* [WHAT YOU ARE ASKED TO DO]: An exact copy of the data is needed, one that excludes all pictures.

* [GIVEN INFORMATION]:
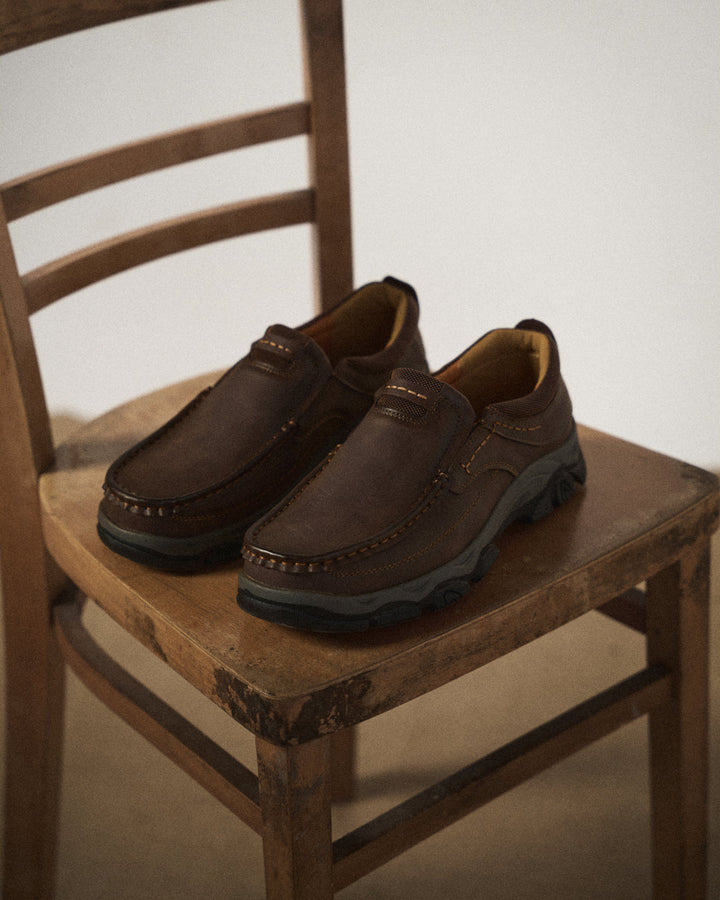 Kai | Sleek Brown Leather Slip-On Loafers For Men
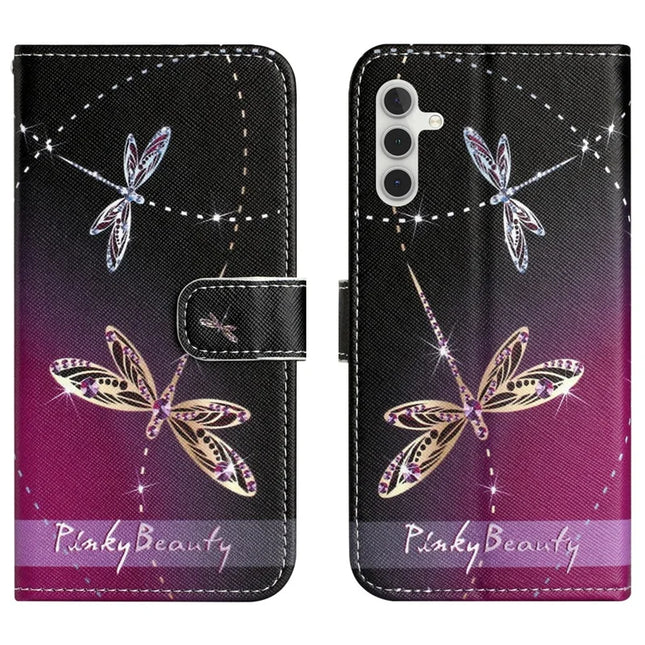 For Samsung Galaxy A26 5G Case Pattern Print PU Leather Wallet Phone Cover Cross Texture - Dragonfly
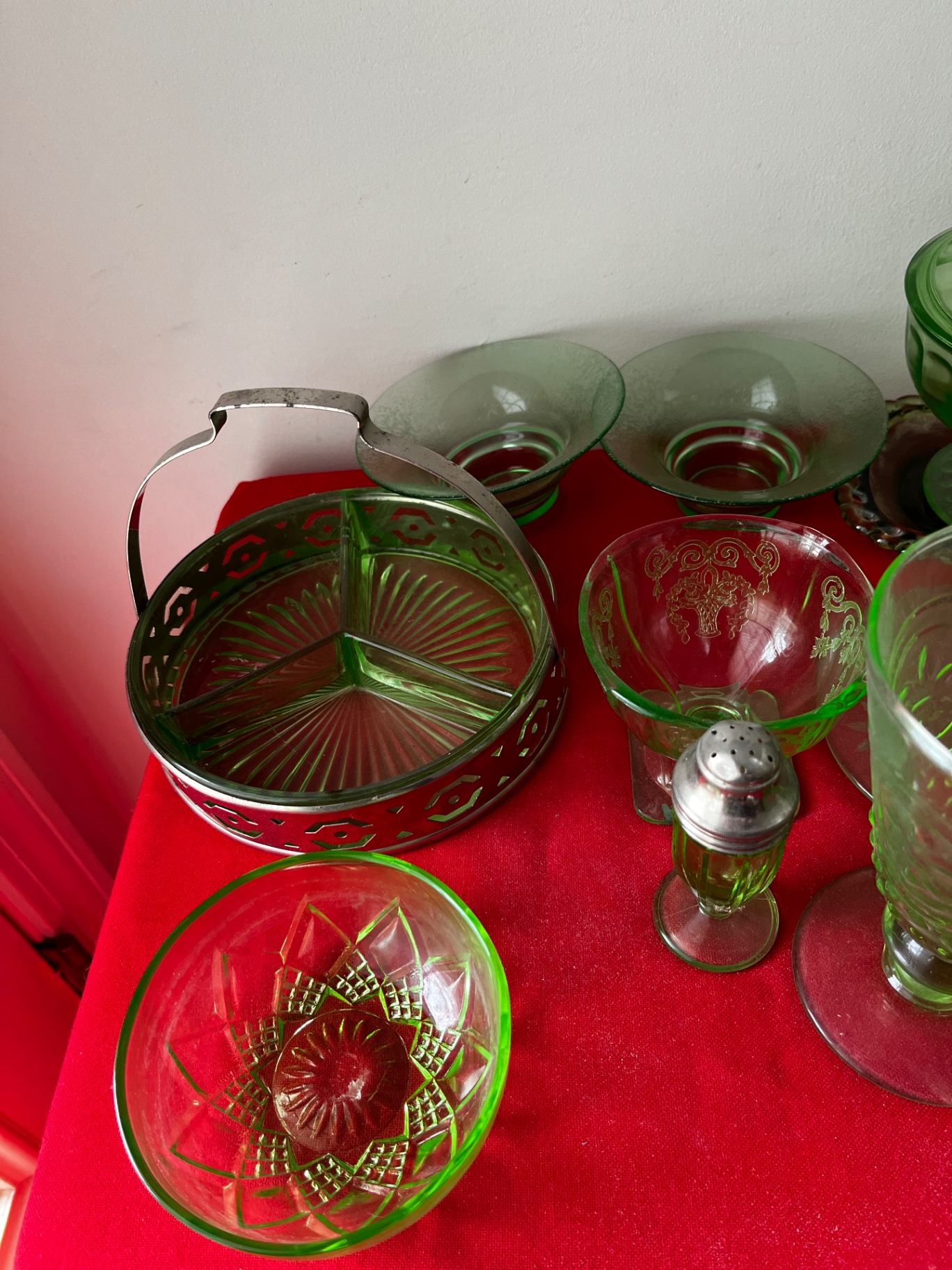 Green glassware collection with lidded dish and metal basket - image 4 of 5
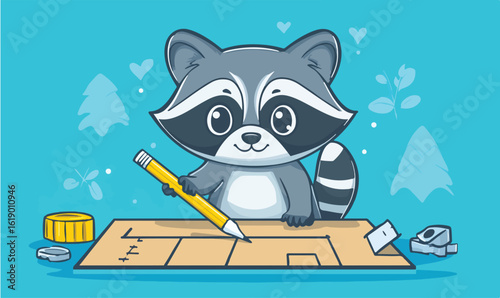 Cute cartoon raccoon drawing plans with pencil and measuring tape in bright blue background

* [SOLUTION FOR THIS PROBLEM]:
 Kai | Sleek Brown Leather Slip-On Loafers For Men
 For Samsung Galaxy A26 5G Case Pattern Print PU Leather Wallet Phone Cover Cross Texture - Dragonfly
 Green glassware collection with lidded dish and metal basket - image 4 of 5
 Cute cartoon raccoon drawing plans with pencil and measuring tape in bright blue background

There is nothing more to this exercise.